ビジネスモデルとしては、無料でサービスが使える「フリーミアムモデル」を取り入れています。サービスの質の高さを無料体験してもらってから、有料プランの契約へとつなげています。
また、初期の頃はアーリーアダプター(新しいサービスを積極的に利用する人々のこと)の獲得に力を入れました。ブランド認知を高めるために、広告費を惜しみなく使い先行投資したそうです。
Slack
チャットサービスを提供するSlackは、ユーザーへの有益なコンテンツの提供に力を入れたマーケティングで飛躍的に成長しています。コンテンツを届ける媒体は「Instagram・X(旧Twitter)・Facebok・YouTube・LinkedIn」など多岐に渡ります。
- Instagram:教育的かつ楽しいコンテンツ、ブランドカラーでデザインを統一
- YouTube:使い方ガイドなど、Slackを使用する際に有益なコンテンツ
- メルマガ:要点をまとめた文章で、ユーザーストレスを減らす
各媒体でユーザーファーストを徹底したコンテンツを提供することで、潜在顧客を獲得しながら高いブランドロイヤルティを構築しています。
クラウドサイン
電子契約クラウドサービスを提供するクラウドサインは「書面契約が電子契約に代替し、円滑に契約が進む」という世界観をもってマーケティングを行っています。電子契約の普及が進まないという現状課題を打破するために、以下の訴求で差別化を図りました。

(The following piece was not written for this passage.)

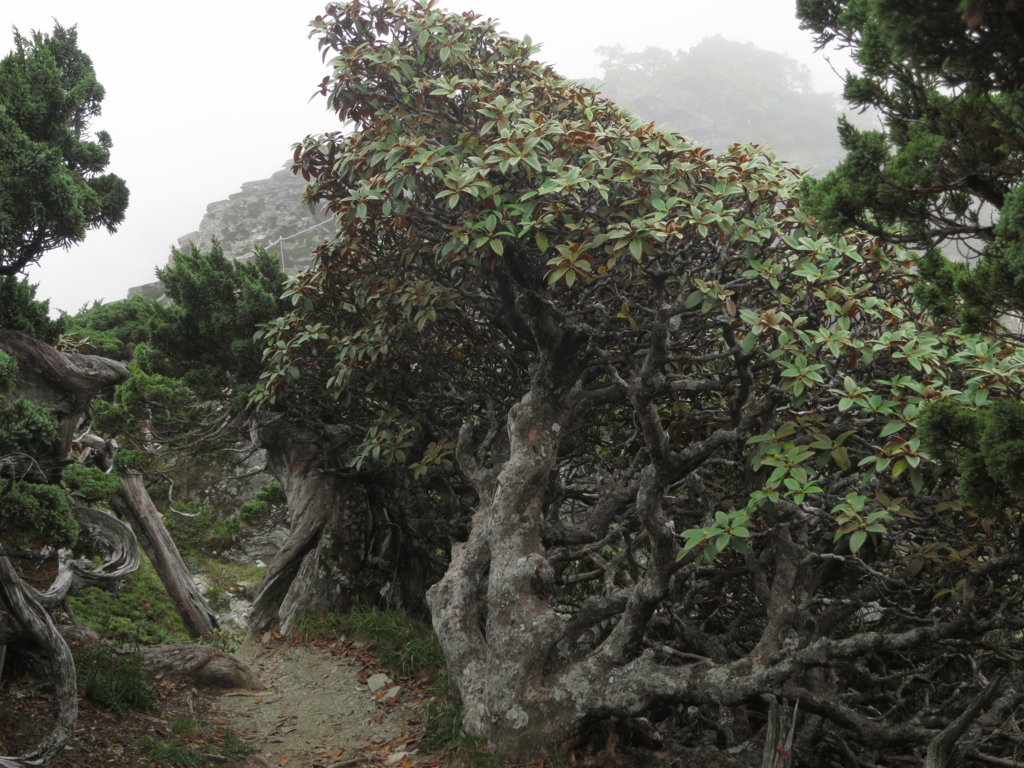 f:id:toyojapan1:20151014144553j:plain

- ユーザーの使いやすさ:相手方がサービス登録せずとも締結可能
- 安全性・安心感:運営が弁護士ドットコムであり、法的効力を重視
- ターゲティング:法務部以上に、事業部に対するベネフィットを伝える
LTV最大化のために、顧客ニーズに応えた機能改善にも取り組んでいるようです。
SaaS企業では長期的なマーケティング戦略が重要
SaaS企業のマーケティングは、顧客に長期的に自社のサービスを使用してもらうために重要です。基本的なマーケティング知識に加えて、SaaS企業ならではの長期的な視点をもったマーケティング戦略を立てる必要があります。